Dataset content.
-*-*-
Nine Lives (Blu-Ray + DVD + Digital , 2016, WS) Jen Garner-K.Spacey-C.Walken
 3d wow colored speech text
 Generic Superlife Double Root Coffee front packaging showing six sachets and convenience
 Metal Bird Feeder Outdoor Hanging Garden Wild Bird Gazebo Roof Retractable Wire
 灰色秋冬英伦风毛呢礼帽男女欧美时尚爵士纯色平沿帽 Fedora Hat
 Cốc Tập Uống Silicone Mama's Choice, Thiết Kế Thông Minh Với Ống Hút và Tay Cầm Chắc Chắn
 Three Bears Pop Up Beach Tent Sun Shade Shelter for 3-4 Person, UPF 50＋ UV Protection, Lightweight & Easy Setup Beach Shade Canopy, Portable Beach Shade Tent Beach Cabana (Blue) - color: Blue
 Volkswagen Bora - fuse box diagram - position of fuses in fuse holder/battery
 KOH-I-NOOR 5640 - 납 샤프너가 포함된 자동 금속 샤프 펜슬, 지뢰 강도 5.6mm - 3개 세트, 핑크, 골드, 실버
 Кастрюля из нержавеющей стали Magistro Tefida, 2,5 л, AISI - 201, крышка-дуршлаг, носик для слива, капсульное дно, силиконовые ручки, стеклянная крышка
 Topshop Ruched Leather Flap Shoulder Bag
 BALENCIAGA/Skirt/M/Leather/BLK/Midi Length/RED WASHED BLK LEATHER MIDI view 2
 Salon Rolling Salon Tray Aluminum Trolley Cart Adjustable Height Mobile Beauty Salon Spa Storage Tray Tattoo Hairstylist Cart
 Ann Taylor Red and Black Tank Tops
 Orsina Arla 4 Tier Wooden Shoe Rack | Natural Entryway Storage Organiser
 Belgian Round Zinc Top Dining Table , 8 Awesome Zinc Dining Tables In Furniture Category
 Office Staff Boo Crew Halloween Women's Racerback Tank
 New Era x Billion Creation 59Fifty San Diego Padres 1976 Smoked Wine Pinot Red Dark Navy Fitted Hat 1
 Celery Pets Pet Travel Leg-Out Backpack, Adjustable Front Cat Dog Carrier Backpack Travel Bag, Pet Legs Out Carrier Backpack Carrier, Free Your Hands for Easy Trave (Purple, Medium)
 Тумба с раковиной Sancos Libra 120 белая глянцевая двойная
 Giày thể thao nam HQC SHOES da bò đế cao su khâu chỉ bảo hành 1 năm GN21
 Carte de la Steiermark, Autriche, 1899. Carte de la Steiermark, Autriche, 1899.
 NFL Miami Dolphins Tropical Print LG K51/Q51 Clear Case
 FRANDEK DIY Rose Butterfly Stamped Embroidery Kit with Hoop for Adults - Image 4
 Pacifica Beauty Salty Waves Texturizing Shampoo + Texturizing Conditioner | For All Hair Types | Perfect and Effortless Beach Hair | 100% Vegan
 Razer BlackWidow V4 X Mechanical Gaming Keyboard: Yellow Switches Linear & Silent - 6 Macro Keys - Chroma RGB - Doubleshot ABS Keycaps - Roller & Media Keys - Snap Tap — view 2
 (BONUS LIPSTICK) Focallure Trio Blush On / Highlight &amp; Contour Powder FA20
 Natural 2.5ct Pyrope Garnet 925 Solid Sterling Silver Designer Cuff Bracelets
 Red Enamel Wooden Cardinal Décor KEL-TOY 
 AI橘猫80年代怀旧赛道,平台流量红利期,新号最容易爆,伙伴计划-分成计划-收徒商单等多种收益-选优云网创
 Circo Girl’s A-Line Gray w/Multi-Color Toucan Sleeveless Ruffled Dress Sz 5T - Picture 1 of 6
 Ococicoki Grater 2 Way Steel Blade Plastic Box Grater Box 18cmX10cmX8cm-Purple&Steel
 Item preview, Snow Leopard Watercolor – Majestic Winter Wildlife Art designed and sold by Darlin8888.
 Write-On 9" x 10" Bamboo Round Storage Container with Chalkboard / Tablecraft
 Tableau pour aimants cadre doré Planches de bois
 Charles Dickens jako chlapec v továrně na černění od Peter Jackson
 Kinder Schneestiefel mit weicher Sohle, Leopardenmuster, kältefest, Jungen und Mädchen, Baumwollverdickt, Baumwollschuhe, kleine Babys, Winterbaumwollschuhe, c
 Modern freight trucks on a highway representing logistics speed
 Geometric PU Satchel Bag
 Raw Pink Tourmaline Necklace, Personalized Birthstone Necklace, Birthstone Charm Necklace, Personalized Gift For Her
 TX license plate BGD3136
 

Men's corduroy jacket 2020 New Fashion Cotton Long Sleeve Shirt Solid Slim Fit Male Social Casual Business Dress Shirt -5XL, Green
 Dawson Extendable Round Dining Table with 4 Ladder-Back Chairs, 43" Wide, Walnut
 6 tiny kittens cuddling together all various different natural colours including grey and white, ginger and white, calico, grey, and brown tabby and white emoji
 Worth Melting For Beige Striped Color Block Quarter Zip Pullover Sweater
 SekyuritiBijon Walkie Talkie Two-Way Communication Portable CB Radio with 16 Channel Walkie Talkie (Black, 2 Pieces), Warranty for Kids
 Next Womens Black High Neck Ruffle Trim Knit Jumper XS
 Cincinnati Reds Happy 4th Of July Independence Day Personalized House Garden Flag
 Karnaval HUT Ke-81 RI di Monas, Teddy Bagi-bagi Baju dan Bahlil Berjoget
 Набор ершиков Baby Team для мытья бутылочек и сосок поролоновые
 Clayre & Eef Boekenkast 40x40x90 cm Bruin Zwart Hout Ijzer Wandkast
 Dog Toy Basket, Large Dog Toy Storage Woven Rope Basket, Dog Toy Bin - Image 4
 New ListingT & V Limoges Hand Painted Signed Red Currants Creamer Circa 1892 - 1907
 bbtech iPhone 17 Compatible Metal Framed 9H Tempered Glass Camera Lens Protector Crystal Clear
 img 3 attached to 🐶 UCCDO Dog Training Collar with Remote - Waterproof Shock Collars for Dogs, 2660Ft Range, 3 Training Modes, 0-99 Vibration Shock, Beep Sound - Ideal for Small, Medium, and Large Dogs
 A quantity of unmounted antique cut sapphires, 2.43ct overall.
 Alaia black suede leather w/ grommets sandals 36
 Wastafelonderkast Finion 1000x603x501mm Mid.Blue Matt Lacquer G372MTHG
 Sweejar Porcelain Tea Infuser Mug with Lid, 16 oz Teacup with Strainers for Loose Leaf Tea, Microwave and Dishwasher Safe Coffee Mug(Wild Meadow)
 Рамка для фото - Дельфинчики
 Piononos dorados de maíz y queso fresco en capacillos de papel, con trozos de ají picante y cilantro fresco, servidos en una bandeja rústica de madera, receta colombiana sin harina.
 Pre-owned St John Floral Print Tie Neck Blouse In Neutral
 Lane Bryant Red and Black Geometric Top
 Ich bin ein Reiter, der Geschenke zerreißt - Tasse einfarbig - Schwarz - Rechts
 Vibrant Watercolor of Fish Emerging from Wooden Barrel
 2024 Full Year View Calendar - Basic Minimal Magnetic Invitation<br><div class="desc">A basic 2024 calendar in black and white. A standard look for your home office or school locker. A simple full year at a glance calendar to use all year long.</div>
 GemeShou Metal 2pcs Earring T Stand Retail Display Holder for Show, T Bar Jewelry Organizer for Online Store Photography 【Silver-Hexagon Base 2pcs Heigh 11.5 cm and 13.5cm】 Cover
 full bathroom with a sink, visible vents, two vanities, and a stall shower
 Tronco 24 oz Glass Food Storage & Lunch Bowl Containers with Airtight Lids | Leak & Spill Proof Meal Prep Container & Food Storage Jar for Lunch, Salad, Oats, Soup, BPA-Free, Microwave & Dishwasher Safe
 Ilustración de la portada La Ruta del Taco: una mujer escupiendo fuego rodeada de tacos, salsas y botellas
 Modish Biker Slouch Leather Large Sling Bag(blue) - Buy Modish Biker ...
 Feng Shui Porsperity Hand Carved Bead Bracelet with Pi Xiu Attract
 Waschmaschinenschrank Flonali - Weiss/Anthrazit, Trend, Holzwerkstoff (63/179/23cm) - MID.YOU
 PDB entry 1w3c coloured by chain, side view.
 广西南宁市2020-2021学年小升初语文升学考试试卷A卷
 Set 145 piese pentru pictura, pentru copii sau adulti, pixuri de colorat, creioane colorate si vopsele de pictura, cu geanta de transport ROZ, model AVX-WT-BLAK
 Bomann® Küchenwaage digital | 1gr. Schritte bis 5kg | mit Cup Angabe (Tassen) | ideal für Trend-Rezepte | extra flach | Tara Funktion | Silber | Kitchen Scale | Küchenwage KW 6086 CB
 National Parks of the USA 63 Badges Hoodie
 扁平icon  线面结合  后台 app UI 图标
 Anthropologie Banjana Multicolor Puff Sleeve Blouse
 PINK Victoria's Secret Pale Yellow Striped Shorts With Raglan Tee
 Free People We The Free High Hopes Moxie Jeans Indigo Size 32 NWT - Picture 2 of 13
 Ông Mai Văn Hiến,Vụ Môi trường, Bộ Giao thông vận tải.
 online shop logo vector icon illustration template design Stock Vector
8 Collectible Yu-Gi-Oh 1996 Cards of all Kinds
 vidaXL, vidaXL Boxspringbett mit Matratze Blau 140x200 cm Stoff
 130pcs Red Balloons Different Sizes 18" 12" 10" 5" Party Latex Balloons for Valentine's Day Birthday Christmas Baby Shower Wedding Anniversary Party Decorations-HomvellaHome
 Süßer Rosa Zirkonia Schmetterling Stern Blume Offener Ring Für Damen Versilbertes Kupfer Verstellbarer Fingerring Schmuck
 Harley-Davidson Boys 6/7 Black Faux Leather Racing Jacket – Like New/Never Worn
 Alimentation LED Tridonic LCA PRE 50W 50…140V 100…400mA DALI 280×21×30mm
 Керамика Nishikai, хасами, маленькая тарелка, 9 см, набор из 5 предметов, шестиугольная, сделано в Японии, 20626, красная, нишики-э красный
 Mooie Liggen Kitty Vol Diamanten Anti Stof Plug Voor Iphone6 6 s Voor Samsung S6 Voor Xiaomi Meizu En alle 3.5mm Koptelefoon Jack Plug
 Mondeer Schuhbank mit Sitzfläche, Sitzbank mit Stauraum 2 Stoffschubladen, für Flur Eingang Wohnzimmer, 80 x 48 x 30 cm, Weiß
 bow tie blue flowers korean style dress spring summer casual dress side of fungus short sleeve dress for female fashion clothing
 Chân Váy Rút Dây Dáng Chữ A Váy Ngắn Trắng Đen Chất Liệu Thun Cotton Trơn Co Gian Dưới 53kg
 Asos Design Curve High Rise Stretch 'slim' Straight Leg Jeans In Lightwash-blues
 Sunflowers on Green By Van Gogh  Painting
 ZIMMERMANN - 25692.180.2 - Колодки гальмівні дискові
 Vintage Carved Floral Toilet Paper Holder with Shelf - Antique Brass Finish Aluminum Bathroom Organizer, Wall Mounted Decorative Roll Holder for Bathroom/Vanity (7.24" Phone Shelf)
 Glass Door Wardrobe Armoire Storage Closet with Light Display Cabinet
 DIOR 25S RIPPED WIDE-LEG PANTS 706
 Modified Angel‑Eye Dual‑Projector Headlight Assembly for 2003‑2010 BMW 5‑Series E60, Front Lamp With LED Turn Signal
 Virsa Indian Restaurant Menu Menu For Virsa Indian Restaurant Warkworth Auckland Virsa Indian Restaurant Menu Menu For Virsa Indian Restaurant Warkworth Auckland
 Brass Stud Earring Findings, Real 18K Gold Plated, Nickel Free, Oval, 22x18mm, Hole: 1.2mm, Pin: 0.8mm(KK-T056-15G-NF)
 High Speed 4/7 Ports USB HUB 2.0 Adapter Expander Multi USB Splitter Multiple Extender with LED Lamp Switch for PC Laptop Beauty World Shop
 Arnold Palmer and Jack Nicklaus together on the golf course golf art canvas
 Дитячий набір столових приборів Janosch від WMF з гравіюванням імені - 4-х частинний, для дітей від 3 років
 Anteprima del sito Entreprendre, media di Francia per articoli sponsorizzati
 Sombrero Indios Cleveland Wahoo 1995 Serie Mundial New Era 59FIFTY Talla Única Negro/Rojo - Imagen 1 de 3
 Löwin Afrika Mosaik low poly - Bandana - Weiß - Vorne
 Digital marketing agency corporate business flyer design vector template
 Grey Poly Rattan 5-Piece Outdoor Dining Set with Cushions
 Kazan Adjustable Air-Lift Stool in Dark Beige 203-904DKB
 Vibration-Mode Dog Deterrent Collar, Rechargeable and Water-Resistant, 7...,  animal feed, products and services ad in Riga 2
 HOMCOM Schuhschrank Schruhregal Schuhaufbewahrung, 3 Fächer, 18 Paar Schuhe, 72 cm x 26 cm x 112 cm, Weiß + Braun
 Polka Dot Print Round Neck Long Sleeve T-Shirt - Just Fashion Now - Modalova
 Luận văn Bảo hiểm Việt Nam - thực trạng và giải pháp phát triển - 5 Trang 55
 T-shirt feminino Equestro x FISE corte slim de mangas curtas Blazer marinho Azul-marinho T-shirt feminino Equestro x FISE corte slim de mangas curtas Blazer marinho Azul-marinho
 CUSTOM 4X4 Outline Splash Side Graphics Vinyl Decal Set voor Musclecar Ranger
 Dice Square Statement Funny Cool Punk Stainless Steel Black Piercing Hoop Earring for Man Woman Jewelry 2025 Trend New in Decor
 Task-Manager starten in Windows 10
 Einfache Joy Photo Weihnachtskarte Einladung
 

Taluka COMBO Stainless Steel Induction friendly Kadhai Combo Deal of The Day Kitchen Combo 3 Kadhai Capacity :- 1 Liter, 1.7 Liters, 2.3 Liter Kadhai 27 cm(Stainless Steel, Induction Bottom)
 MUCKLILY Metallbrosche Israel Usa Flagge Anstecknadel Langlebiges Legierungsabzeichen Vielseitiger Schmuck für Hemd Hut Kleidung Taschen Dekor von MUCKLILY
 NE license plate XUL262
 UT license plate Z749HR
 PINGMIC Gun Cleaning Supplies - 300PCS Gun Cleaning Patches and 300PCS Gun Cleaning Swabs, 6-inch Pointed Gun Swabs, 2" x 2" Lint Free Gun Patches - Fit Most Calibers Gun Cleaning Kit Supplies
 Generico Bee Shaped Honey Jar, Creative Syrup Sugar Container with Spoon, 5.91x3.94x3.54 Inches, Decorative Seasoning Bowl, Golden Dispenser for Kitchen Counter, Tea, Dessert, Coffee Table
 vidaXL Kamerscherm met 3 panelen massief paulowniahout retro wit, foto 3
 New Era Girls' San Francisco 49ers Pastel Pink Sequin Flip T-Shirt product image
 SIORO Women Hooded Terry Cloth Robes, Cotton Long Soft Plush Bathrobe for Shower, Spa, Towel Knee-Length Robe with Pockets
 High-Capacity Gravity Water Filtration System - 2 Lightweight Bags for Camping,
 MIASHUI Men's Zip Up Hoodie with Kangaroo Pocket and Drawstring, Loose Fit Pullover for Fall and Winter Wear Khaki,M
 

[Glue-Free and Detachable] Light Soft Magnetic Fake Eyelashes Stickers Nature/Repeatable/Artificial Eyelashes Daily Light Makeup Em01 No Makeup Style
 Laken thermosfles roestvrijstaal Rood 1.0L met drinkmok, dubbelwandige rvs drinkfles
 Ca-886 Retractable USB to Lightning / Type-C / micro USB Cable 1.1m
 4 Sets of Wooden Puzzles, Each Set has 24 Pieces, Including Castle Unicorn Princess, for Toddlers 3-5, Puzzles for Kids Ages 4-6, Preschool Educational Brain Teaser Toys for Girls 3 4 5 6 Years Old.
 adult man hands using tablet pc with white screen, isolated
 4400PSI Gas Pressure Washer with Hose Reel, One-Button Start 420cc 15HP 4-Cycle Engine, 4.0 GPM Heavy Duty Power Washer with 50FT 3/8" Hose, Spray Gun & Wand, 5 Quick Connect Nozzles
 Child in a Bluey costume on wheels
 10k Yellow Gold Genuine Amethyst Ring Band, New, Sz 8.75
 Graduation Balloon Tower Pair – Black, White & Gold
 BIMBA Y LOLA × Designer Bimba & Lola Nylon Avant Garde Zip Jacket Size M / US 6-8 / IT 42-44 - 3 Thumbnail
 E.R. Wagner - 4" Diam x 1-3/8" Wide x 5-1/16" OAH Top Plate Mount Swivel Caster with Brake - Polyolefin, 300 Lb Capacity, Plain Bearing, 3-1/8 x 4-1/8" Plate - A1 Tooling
-*-*-
Exercise aim. Transcribe, exactly and without additions, the lines of the records above, beginning with the line that contains "Task-Manager starten in Windows 10" and ending with the line that contains "PINGMIC Gun Cleaning", both included.

Result of this task.
 Task-Manager starten in Windows 10
 Einfache Joy Photo Weihnachtskarte Einladung
 

Taluka COMBO Stainless Steel Induction friendly Kadhai Combo Deal of The Day Kitchen Combo 3 Kadhai Capacity :- 1 Liter, 1.7 Liters, 2.3 Liter Kadhai 27 cm(Stainless Steel, Induction Bottom)
 MUCKLILY Metallbrosche Israel Usa Flagge Anstecknadel Langlebiges Legierungsabzeichen Vielseitiger Schmuck für Hemd Hut Kleidung Taschen Dekor von MUCKLILY
 NE license plate XUL262
 UT license plate Z749HR
 PINGMIC Gun Cleaning Supplies - 300PCS Gun Cleaning Patches and 300PCS Gun Cleaning Swabs, 6-inch Pointed Gun Swabs, 2" x 2" Lint Free Gun Patches - Fit Most Calibers Gun Cleaning Kit Supplies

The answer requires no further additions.